> WORKING DATA

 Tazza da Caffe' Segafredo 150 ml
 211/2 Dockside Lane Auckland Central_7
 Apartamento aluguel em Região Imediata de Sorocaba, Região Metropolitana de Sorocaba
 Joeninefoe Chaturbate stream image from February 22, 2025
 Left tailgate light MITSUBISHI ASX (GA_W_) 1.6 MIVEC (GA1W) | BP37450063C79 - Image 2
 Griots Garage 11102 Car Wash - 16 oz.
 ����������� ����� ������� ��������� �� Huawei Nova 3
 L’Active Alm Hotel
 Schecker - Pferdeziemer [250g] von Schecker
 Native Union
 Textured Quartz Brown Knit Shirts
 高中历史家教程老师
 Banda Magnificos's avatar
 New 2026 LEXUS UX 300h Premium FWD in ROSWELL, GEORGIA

> TASK PROMPT
Here the answer is the exact run of lines above, from the line with "Native Union" down to the last, and nothing else.

> EXERCISE SOLUTION
 Native Union
 Textured Quartz Brown Knit Shirts
 高中历史家教程老师
 Banda Magnificos's avatar
 New 2026 LEXUS UX 300h Premium FWD in ROSWELL, GEORGIA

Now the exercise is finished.